About

Author

I’m Chen Zhang (AlexZ), an undergraduate Data Science specialist at the University of Toronto. I built this project as my JSC370 (Data Science II) final in the Winter 2026 term, with feedback and supervision from the JSC370 course team.

Project Context

JSC370 final projects extend the student’s midterm study with modeling, interactive visualizations, and a GitHub-hosted website. This project takes the Option C midterm topic — Clinical Trial Access Gap for Type 2 Diabetes — and layers predictive modeling (Elastic Net, Random Forest, XGBoost with 5-fold cross-validation and SHAP) on top of the descriptive state- and county-level analyses performed at the midterm stage.

Data Sources

All data were acquired via public APIs. No human-subject or restricted data is used.

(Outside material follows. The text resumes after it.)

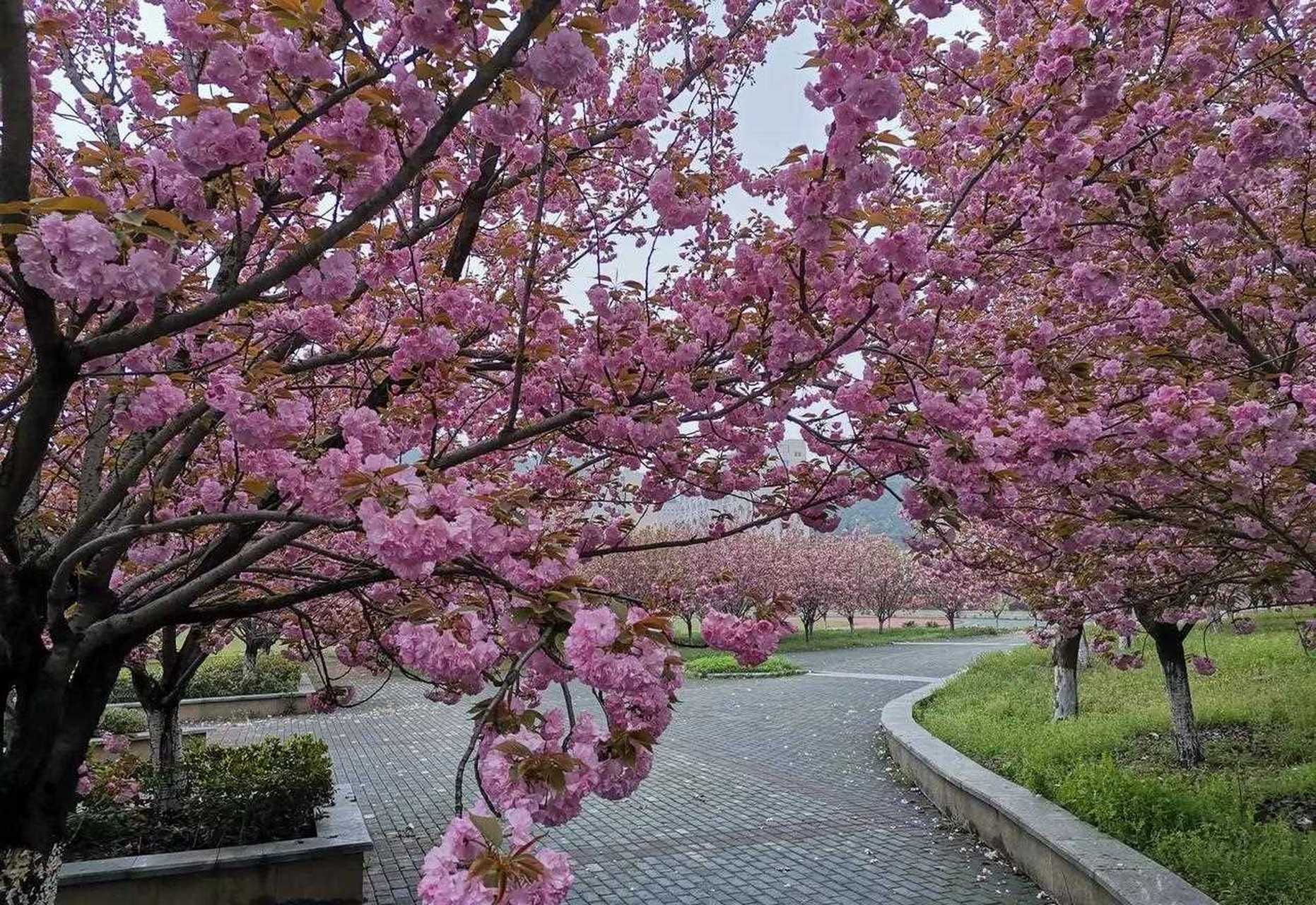 我和我的家乡,十堰大学樱花 [羊驼]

  • ClinicalTrials.gov v2 API — U.S. Type 2 diabetes studies (cumulative registry snapshot).
  • CDC PLACES (Socrata) — state and county age-adjusted diabetes prevalence (2022 release; BRFSS 2020–2022).
  • American Community Survey 5-Year 2022 — state and county socioeconomic covariates.
  • 2022 Census Gazetteer + FCC Census API — geocoding city/state strings to 5-digit county FIPS.
  • NPI Registry — endocrinologist density by county; state-level infrastructure counts.
  • Census Rurality (2020 Decennial) — rural population share by state.
  • Medicaid expansion status — static policy lookup as of January 2024.

Acknowledgements

Built with Quarto, Python (pandas, scikit-learn, XGBoost, SHAP, Plotly), and hosted on GitHub Pages. Thank you to the JSC370 teaching team for feedback on the midterm draft that shaped this final project.

Reproducibility

This project ships with a conda environment specification (jsc370.full.yml), a .env template, and a reproducible Quarto pipeline. See the README for step-by-step reproduction instructions.